▶ **Problem requirements**
Repeat every record exactly as written.

▶ **Records for this exercise**
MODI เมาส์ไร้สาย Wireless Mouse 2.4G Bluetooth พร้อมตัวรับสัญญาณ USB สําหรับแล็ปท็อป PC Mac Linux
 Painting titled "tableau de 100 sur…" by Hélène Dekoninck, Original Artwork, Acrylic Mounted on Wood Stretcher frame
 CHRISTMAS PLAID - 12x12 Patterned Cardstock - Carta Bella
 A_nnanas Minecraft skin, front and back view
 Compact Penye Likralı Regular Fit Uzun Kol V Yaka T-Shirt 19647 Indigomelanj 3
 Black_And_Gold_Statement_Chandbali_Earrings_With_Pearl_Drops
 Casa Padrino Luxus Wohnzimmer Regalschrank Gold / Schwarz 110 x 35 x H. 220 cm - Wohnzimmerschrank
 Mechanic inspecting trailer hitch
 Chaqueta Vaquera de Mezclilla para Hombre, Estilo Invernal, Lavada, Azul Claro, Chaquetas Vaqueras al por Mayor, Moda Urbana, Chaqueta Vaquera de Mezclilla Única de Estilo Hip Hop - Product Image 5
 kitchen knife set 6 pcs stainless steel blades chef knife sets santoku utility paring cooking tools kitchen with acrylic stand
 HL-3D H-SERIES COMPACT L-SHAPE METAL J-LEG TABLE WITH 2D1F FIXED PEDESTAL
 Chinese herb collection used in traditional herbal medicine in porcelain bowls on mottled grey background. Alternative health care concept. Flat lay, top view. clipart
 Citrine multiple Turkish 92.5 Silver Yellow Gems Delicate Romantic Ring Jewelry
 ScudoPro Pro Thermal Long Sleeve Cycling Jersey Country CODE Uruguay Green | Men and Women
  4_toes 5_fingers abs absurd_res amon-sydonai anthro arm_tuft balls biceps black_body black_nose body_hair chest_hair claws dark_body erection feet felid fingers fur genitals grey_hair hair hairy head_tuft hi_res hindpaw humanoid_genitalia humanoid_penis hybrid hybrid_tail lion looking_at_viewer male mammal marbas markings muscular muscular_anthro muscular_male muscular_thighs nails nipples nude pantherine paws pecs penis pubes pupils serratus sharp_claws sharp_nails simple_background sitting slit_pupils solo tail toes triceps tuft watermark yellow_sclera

▶ **Response below**
MODI เมาส์ไร้สาย Wireless Mouse 2.4G Bluetooth พร้อมตัวรับสัญญาณ USB สําหรับแล็ปท็อป PC Mac Linux
 Painting titled "tableau de 100 sur…" by Hélène Dekoninck, Original Artwork, Acrylic Mounted on Wood Stretcher frame
 CHRISTMAS PLAID - 12x12 Patterned Cardstock - Carta Bella
 A_nnanas Minecraft skin, front and back view
 Compact Penye Likralı Regular Fit Uzun Kol V Yaka T-Shirt 19647 Indigomelanj 3
 Black_And_Gold_Statement_Chandbali_Earrings_With_Pearl_Drops
 Casa Padrino Luxus Wohnzimmer Regalschrank Gold / Schwarz 110 x 35 x H. 220 cm - Wohnzimmerschrank
 Mechanic inspecting trailer hitch
 Chaqueta Vaquera de Mezclilla para Hombre, Estilo Invernal, Lavada, Azul Claro, Chaquetas Vaqueras al por Mayor, Moda Urbana, Chaqueta Vaquera de Mezclilla Única de Estilo Hip Hop - Product Image 5
 kitchen knife set 6 pcs stainless steel blades chef knife sets santoku utility paring cooking tools kitchen with acrylic stand
 HL-3D H-SERIES COMPACT L-SHAPE METAL J-LEG TABLE WITH 2D1F FIXED PEDESTAL
 Chinese herb collection used in traditional herbal medicine in porcelain bowls on mottled grey background. Alternative health care concept. Flat lay, top view. clipart
 Citrine multiple Turkish 92.5 Silver Yellow Gems Delicate Romantic Ring Jewelry
 ScudoPro Pro Thermal Long Sleeve Cycling Jersey Country CODE Uruguay Green | Men and Women
  4_toes 5_fingers abs absurd_res amon-sydonai anthro arm_tuft balls biceps black_body black_nose body_hair chest_hair claws dark_body erection feet felid fingers fur genitals grey_hair hair hairy head_tuft hi_res hindpaw humanoid_genitalia humanoid_penis hybrid hybrid_tail lion looking_at_viewer male mammal marbas markings muscular muscular_anthro muscular_male muscular_thighs nails nipples nude pantherine paws pecs penis pubes pupils serratus sharp_claws sharp_nails simple_background sitting slit_pupils solo tail toes triceps tuft watermark yellow_sclera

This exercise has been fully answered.